● Task instructions: Only the lines from the one with "Ilustrasi makan nasi." through the last line of the data below are to be duplicated, exactly and without pictures.

● Data for review:
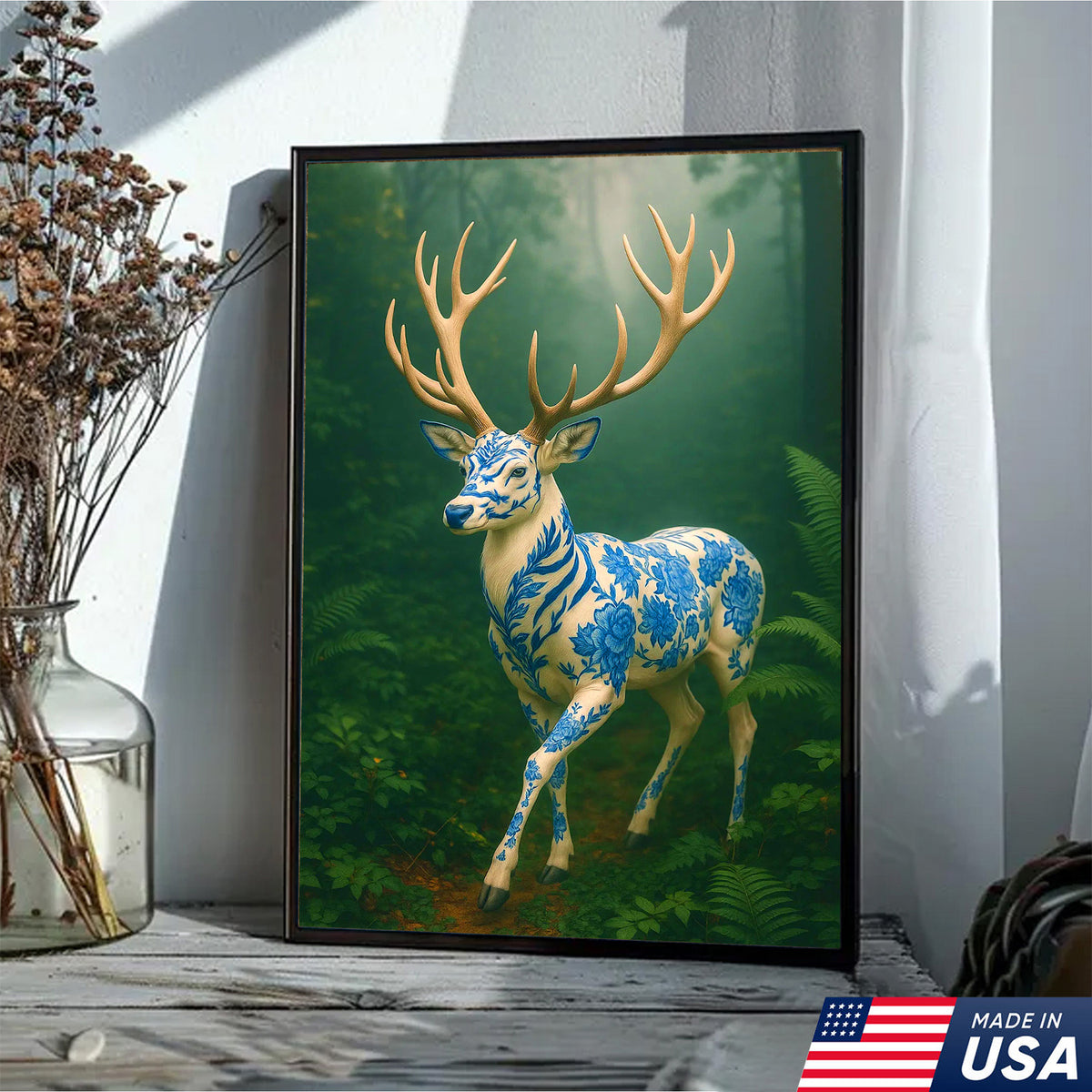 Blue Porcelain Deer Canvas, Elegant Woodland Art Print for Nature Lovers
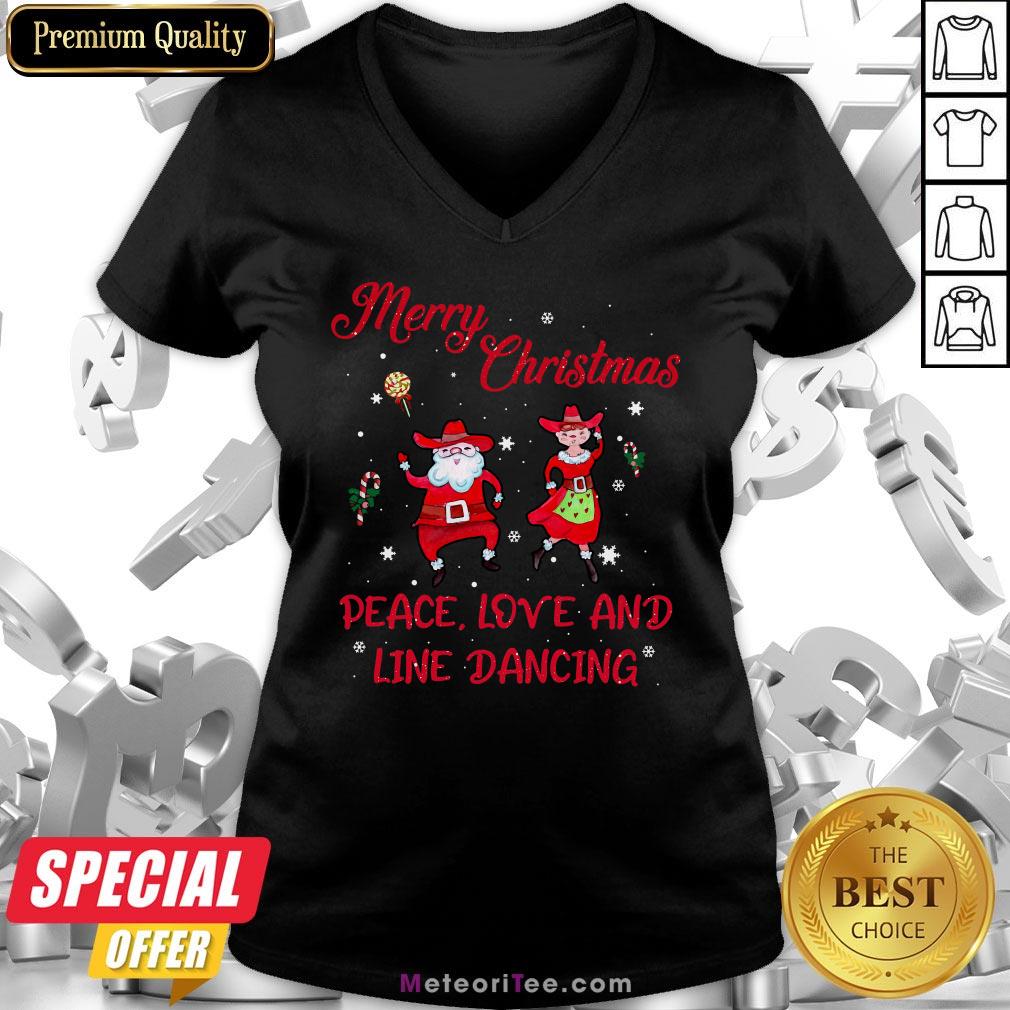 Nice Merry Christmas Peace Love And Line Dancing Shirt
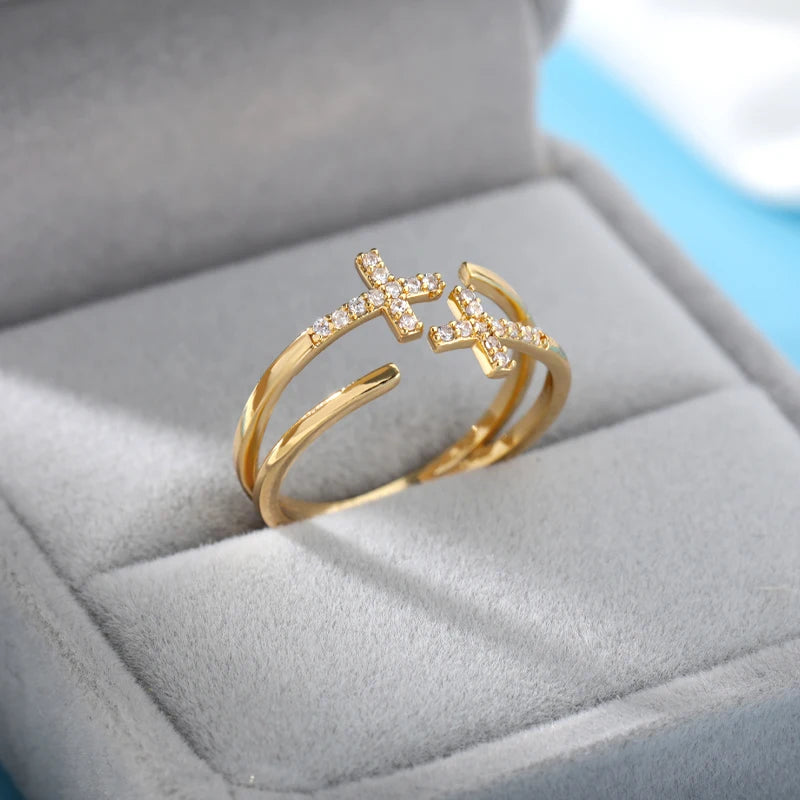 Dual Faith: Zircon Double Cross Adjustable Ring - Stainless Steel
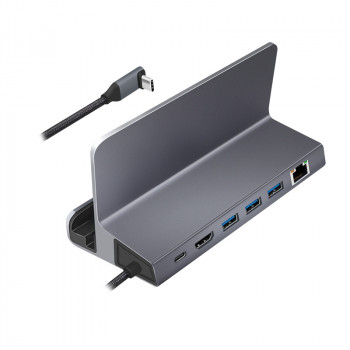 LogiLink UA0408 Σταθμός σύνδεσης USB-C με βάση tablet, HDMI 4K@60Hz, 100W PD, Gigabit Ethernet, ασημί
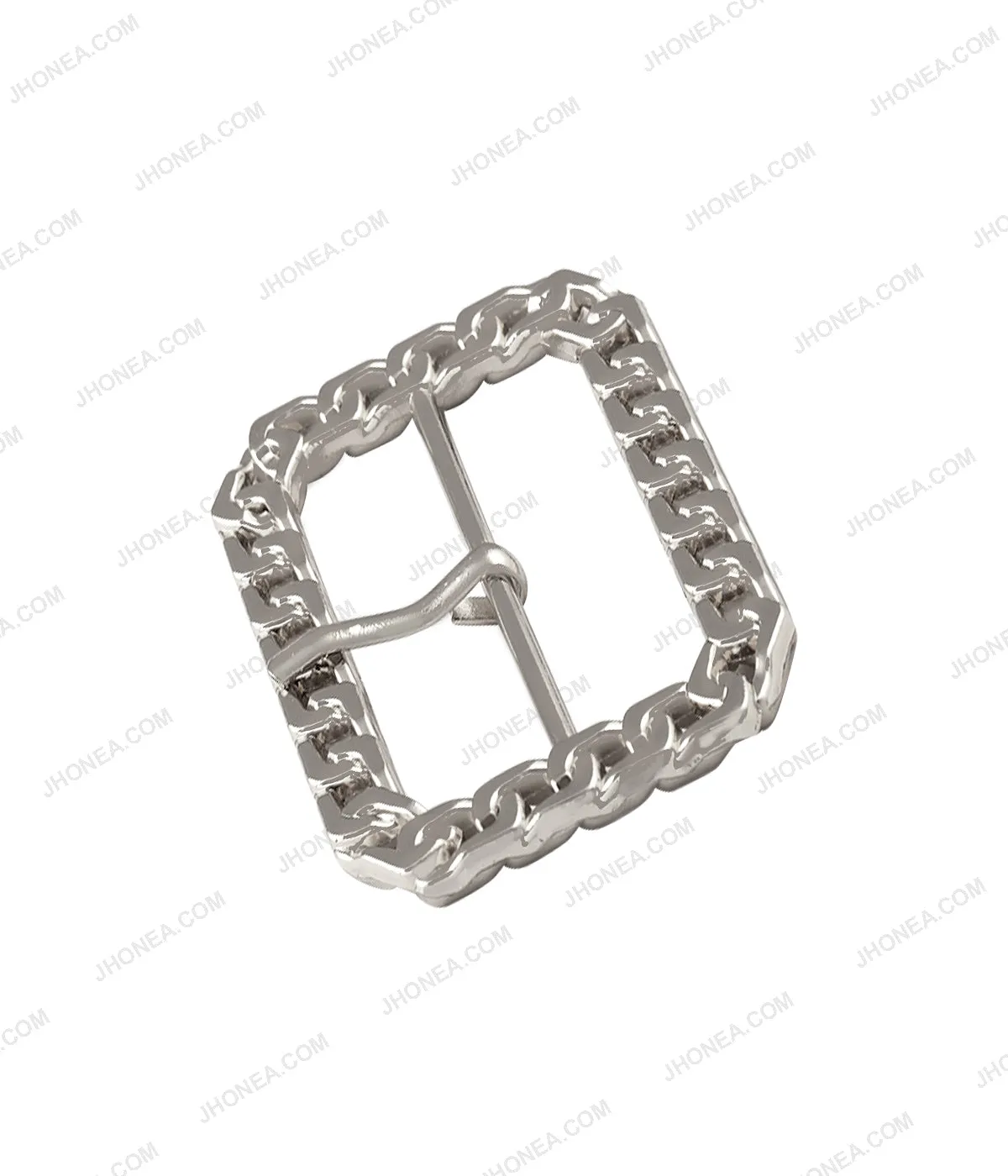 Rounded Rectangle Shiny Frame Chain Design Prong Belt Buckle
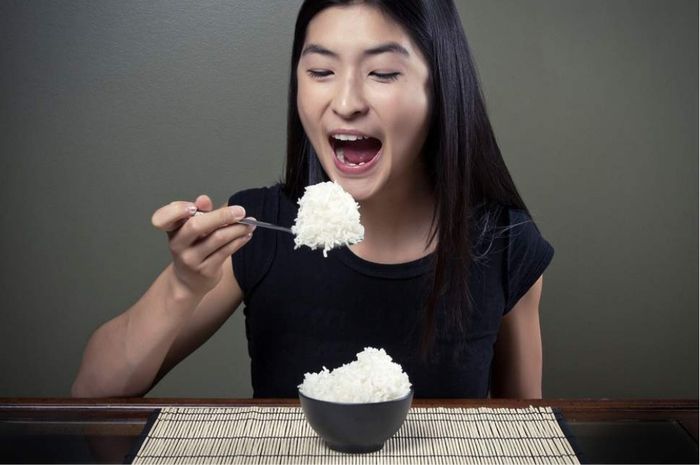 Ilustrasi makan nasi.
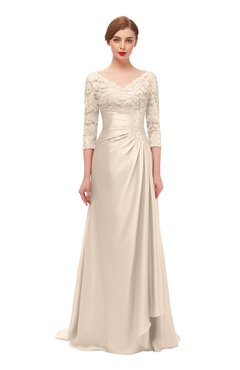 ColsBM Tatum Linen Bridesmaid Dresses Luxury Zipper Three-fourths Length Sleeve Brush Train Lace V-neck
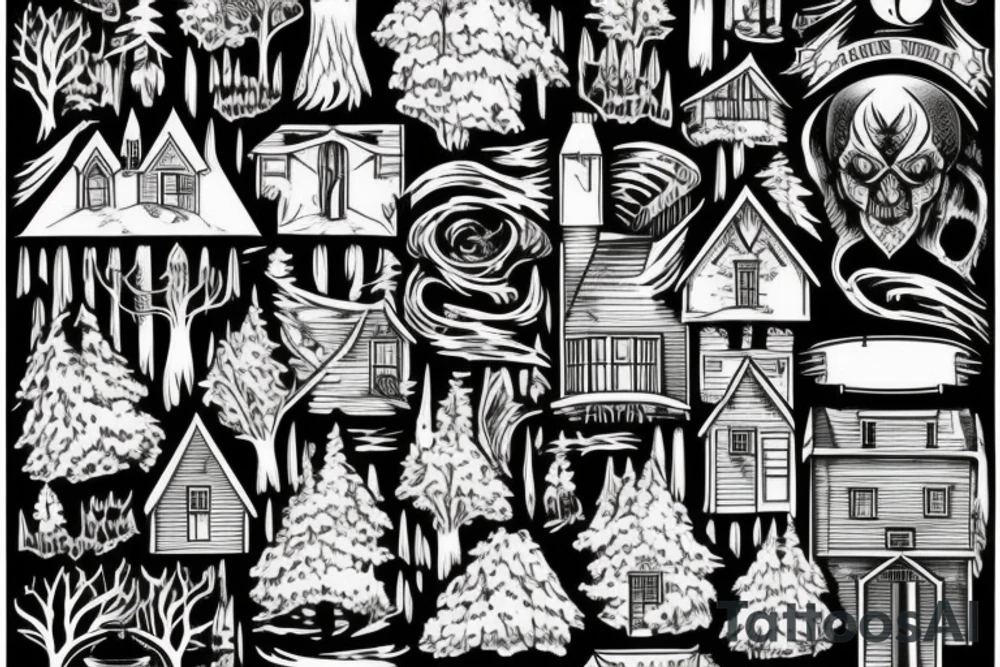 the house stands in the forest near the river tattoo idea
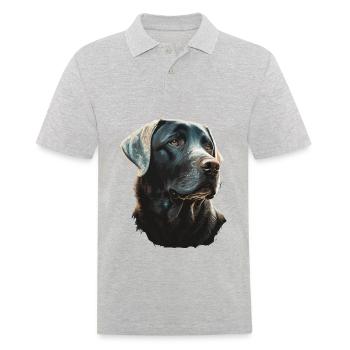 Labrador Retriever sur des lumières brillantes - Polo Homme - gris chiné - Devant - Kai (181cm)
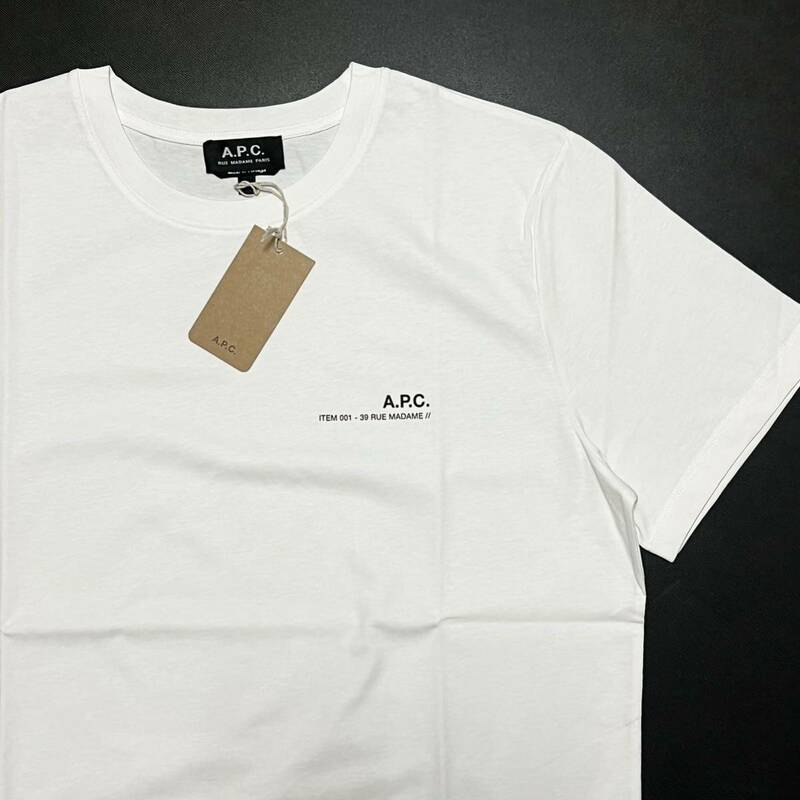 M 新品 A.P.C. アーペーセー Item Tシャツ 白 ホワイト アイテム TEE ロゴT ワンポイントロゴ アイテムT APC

● Solution for this problem:
 Ilustrasi makan nasi.
 ColsBM Tatum Linen Bridesmaid Dresses Luxury Zipper Three-fourths Length Sleeve Brush Train Lace V-neck
 the house stands in the forest near the river tattoo idea
 Labrador Retriever sur des lumières brillantes - Polo Homme - gris chiné - Devant - Kai (181cm)
 M 新品 A.P.C. アーペーセー Item Tシャツ 白 ホワイト アイテム TEE ロゴT ワンポイントロゴ アイテムT APC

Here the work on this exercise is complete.